Friday, February 19, 2010

Pundit Is Ah-scared

George F. Will sez:

America, its luck exhausted, at last has a president from the academic culture, that grating blend of knowingness and unrealism.


While I'll agree that academic culture sucks, George Fwill is hardly the person to point fingers at Elites. Academics do indeed produce dreamy impracticalities, often using the near-slave labor of grad students. But at least academics usually know their subjects; most have at least some ammo where it counts: in their noggins. Is this so much worse than pompous douchebag pundits who produce utter crap, using the near-slave labor of research assistants; such pundits who pretend to be so well-read, but who in real life have absolutely no ammo except that provided by a gopher who knows how to plunder a Bartlett's? The Preznit's an academic who knows some things; Pundit-weasel hybrid is a fake know-it-all who knows nothing. I know who I prefer.

But the reaction against this must somewhat please him. That reaction is populism, a celebration of intellectual ordinariness.


Uh, no. Populism is resentment, often righteous, of Elites, economic, political, and cultural, more or less in that order, who are perceived as thieving, corrupt, or otherwise unworthy. That populism can be anti-intellectual doesn't mean that it inherently is anti-intellectual; perhaps in a genuine meritocracy it would be, but then the fact that America is flagrantly not a meritocracy is one of the major inspirations of populism.

This is not a stance that will strengthen the Republican Party, which recently has become ruinously weak among highly educated whites.

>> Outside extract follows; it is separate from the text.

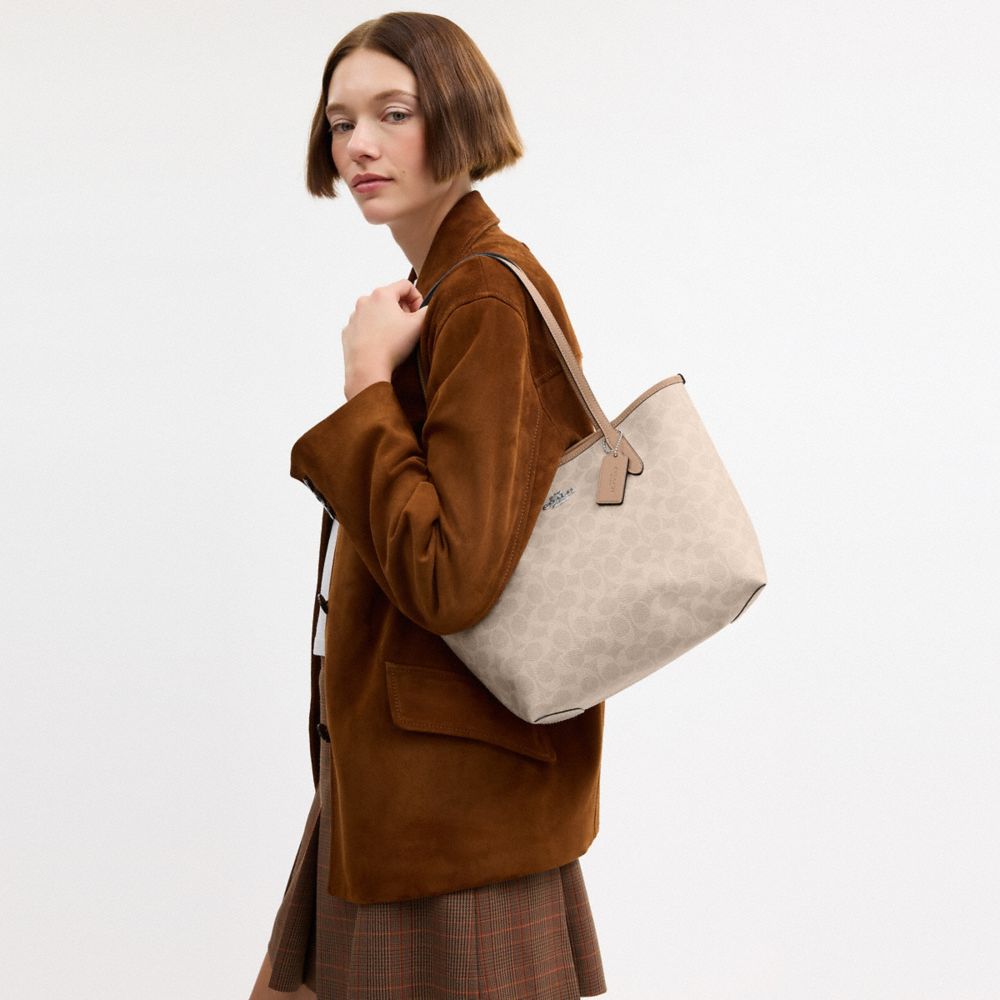 COACH®,Medium City Tote Bag In Signature Canvas,,Detail View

Besides, full-throated populism has not won a national election in 178 years, since Andrew Jackson was reelected in 1832.

After William Jennings Bryan's defeat in 1908, his third as the Democrats' presidential nominee, this prototypical populist said he felt like the man who, thrown out of a bar for a third time, dusted himself off and said, "I'm beginning to think those fellows don't want me in there."

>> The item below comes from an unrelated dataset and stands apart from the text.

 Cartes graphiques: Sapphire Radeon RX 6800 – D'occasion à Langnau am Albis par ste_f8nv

That's not quite fair: Bryan would have won in 1896 had Mark Hanna not bought, with Robber Baron money, the election for McKinley. Theodore Roosevelt would have won in 1912 had the Robber Barons not used Taft as a spoiler. It's not that populism isn't popular enough to succeed, it's that populism is so scary to the Rulers of the country that they will use any means to see it fail.

In 1976, Jimmy Carter -- peanut farmer; carried his own suitcase, imagine that -- somewhat tapped America's durable but shallow reservoir of populism. By 1980, ordinariness in high office had lost its allure.

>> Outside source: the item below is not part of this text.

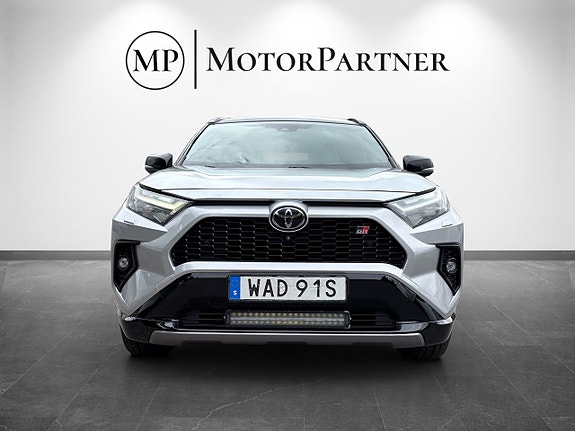 Toyota RAV4 2 of 21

Who won in 1980? Oh yeah; Ronald Reagan, the least intellectual president between Harding and George W. Bush. Presumably, Will thinks Reagan rises above ordinary because the president was coached by a certain pundit...

In 1968, George Wallace, promising to toss the briefcases of pointy-headed intellectuals into the Potomac, won 46 electoral votes with 13.5 percent of the popular vote. He had the populist's trifecta -- a vivid personality, a regional base and a burning issue. Actually, he had three such issues -- backlash against the civil rights revolution, social disintegration (urban riots, rising crime) and resentment of the progressive projects of Great Society social engineers (e.g., forced busing of other people's children).

Populism has had as many incarnations as it has had provocations, but its constant ingredient has been resentment, and hence whininess. Populism does not wax in tranquil times; it is a cathartic response to serious problems. But it always wanes because it never seems serious as a solution.


Hmm, and who completely stole Wallace's thunder, and to great success? Will doesn't say, because it would fuck-up his thesis. Nixon fanned the flames of the worst kind of populism (racial resentment), but also the good kind, albeit hypocritically.

Typically, liberals get mad at me for bashing academics-in-government, a.k.a. technocrats. I've been called Spiro Agnew. But millions of Indochinese owe their incineration to the best and brightest academic experts like McNamara and McGenghis Bundy. Yes, that was then. Now, millions of Americans owe their joblessness or job-degradedness to pointy-headed experts like Larry Summers and Brad DeLong. And of course many Muslims owe their misery and/or deaths to Neocon and Liberal Hawk Perfessers. Nixon exploited righteous anger at these types, then put Dr. Kissinger from Harvard in charge, promptly guaranteeing the incineration of moar Indochinese not to mention the torture and murder of Chileans, Timorese, Cypriots, Argentines, Angolans, etc. etc.